Tutto questo fu denunciato da Giacomo Matteotti novantatré anni fa.
Non solo un atto di coraggio, ma una lucida analisi dei fatti, resa ancora più complessa dalle numerose interruzioni cui questa fu soggetta. Egli stesso ha sottolineato più volte l’intento di presentare i crudi fatti senza dare giudizi, misura ancora più efficace laddove la gravità delle azioni dei fascisti si commentava da sola:
“Giacomo Matteotti: Mi limito, dico, alla nuda e cruda esposizione di alcuni fatti. Ma se per tale forma di esposizione domando il compatimento dell’Assemblea… (Rumori) non comprendo come i fatti senza aggettivi e senza ingiurie possano sollevare urla e rumori. Dicevo dunque che ai candidati non fu lasciata nessuna libertà di esporre liberamente il loro pensiero in contraddittorio con quello del Governo fascista e accennavo al fatto dell’onorevole Gonzales, accennavo al fatto dell’onorevole Bentini a Napoli, alla conferenza che doveva tenere il capo dell’opposizione costituzionale, l’onorevole Amendola 8, e che fu impedita… (Oh, oh! – Rumori)

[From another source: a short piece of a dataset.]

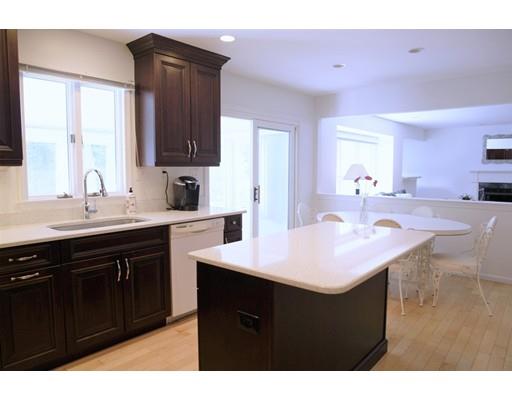 23 Forge Rd, Sharon, MA 02067 photo 4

Voci: a destra: “Ma che costituzionale! Sovversivo come voi! Siete d’accordo tutti!”[1]
Pur riportando nomi ed esempi concreti in cui le bande fasciste impedirono con la violenza il corretto svolgimento della campagna elettorale, della procedura di candidatura delle liste e del voto stesso, Matteotti fu barbaramente contestato. Dall’aula parlamentare arrivavano continuamente negazioni, offese, provocazioni. Risposte da talk show di basso livello, dove però la posta in gioco era la libertà di un paese.
Se Matteotti davvero avesse davvero inventato quanto denunciato probabilmente non avremmo conosciuto la dittatura e lui non sarebbe stato eliminato. Uccidendolo hanno solo confermato ciò che era già evidente. Solo chi ha paura di affrontare la realtà tappa la bocca del proprio avversario. Per quanto possa valere, Matteotti oggi è un eroe, nessuno ricorda nome e volto di chi l’ha ucciso, se non quelli della dittatura, che viene qui ricordata solo per esprimere disgusto.
[1] Dal resoconto stenografico della seduta della Camera dei Deputati, 30 maggio 1924.